How to make hotplug mount usbfs with the correct permissions, so normal users can mount and unmount USB devices?

Ive got Freevo - freevo.sf.net - running on a standalone box, and it support a camera plugin. When I plug my camera in, it pops up in the menu (based on the lsusb ID), but since I run freevo as a normal user, Im not allowed to mount the camera.
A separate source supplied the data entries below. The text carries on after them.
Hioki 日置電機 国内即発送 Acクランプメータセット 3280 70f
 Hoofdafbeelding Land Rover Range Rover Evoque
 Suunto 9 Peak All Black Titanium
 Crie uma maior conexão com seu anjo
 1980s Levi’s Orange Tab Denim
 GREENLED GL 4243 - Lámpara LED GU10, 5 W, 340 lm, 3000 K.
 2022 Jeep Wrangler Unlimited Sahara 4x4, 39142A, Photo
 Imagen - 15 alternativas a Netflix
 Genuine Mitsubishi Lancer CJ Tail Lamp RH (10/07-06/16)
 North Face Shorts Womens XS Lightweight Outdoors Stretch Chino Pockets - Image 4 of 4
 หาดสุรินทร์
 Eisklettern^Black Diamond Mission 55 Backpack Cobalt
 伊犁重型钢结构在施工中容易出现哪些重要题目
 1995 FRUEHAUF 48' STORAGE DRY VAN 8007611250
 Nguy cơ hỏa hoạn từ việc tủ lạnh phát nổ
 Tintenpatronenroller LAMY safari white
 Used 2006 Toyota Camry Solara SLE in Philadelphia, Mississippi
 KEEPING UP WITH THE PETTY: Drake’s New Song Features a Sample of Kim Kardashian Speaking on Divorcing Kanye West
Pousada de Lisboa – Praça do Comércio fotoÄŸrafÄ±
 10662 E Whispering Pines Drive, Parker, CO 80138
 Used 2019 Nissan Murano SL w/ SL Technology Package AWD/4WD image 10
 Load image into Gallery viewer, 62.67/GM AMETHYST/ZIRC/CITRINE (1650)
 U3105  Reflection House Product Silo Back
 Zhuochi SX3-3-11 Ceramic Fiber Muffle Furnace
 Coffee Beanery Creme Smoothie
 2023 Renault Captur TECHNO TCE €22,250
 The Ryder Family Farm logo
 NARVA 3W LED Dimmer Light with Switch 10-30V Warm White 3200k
Nor sudo or entry in fstab is sufficient for me, so alternate solutions would be great  :Smile: 

----------

## taskara

I think it's just permissions in your fstab file.. uid=1000 or something like that.. hang on.. that's for ntfs.. ahh.. I'm sure it's here in the forums somewhere.. try this thread

EDIT: sorry. just read fstab entries are no good for you.. ahh .. try the thread above anyhow.. soz..

----------

## Loke

But how am I able to solve this problem then? When I plug my camera in, it appears as /dev/sdb  (On /dev/sda Ive got a cardreader). If I then unplug my camera, and then plug it in again, it appears as /dev/sdc. So obviously I cant add an entry in /etc/fstab since I cant guarantee what ID devfs assigns to it. Imagine I had many more hotplug devices. Then there would be no way I could predict what /dev/sdX a certain device got assigned. 

Heeelp   :Shocked: 

----------

## taskara

unmount it before you unplug it and it should be re-detected as sdb

perhaps we are talking about two different things here.. hotplug is the daemon that detects your devices, and supermount is the app that mounts them automatically.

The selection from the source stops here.